PGI’s free food baba’s langar will not end
The tradition of serving free food outside gate number 2 of the PGIMER will not come to an end, as Jagdish Lal Ahuja, popularly known as the ‘Baba’ who distributes free food, has decided to change his mind and will carry on with the langar “till his last breath”.punjab Updated: Jan 17, 2016 12:38 IST
The tradition of serving free food outside gate number 2 of the PGIMER will not come to an end, as Jagdish Lal Ahuja, popularly known as the ‘Baba’ who distributes free food, has decided to change his mind and will carry on with the langar “till his last breath”.
He told HT that people started offering him financial help after Hindustan Times published a story, “PGI’s free food ‘baba’ to stop langar from January 21”.
“Following the story, I received several calls from people saying not to stop the free food service. Many came forward to meet me as well. They requested me to not stop the langar and assured that they would help me,” he said.
Ahuja added, “I have decided that my langar will not end, ever. In case I will require any financial help, I will contact one person I know. But the langar will not stop.”

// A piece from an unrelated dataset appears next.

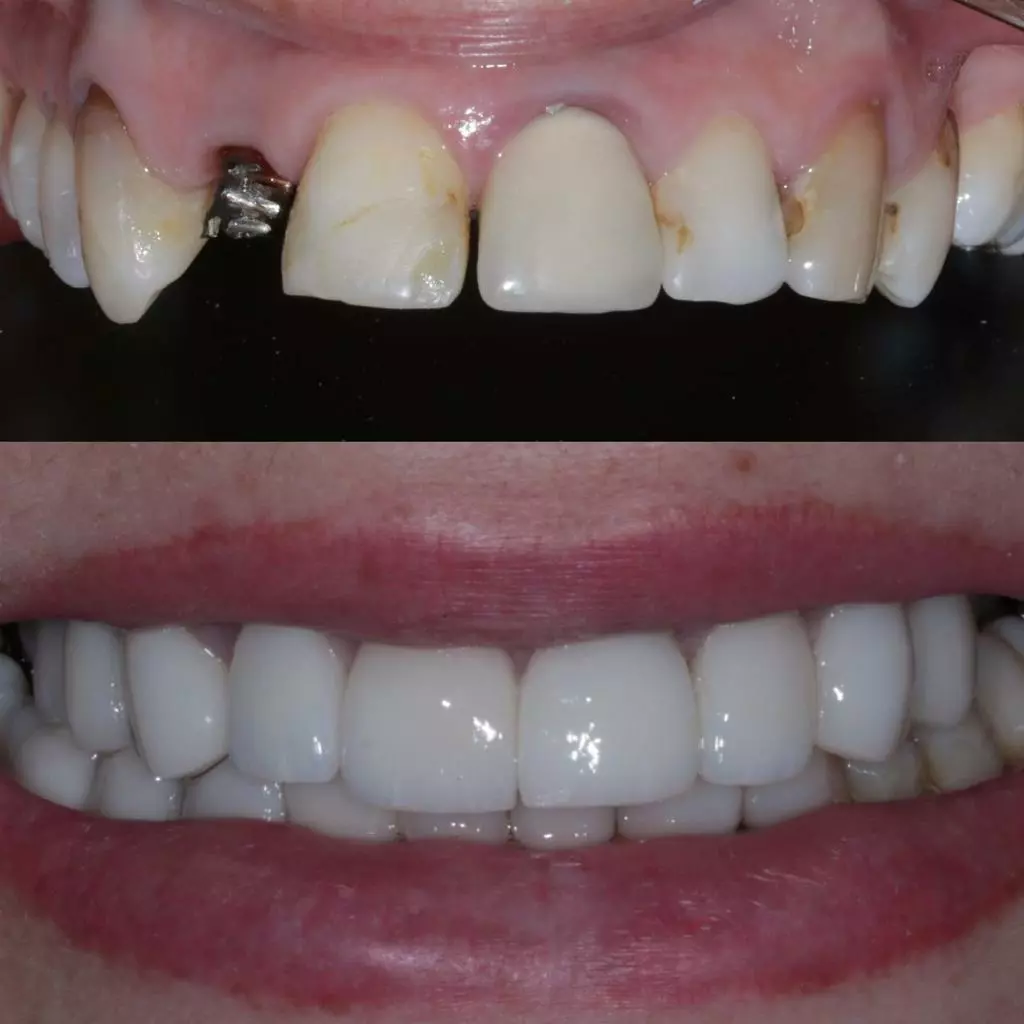 reabilita195167195163o06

Earlier, Ahuja had said that on January 21, when the langar will complete 15 years, he will stop the tradition of serving free food. The reason he gave was his ailing health.
On January 21, 2001, Ahuja first organised a langar outside the PGI’s gate number 2. Since then, he has been serving food to hundreds of poor people outside the PGIMER and Government Medical College and Hospital, Sector 32, without a single pause. The old man has sold seven of his properties worth several crores to fund the langar. A similar situation of ending the langar also arose last year, but then he sold his property to fund the langar.
Along with the food, Ahuja also distributes free shawls, blankets, sweaters and shoes to the needy during winters.
Jagdish Lal Ahuja was born in Peshawar, (presently in Pakistan), and came to Patiala after the Partition in 1947. He was only 12 when he started selling candies to earn living. In 1956, he, along with his family, shifted to Chandigarh. He started selling bananas and soon came to be known as the ‘Banana King’.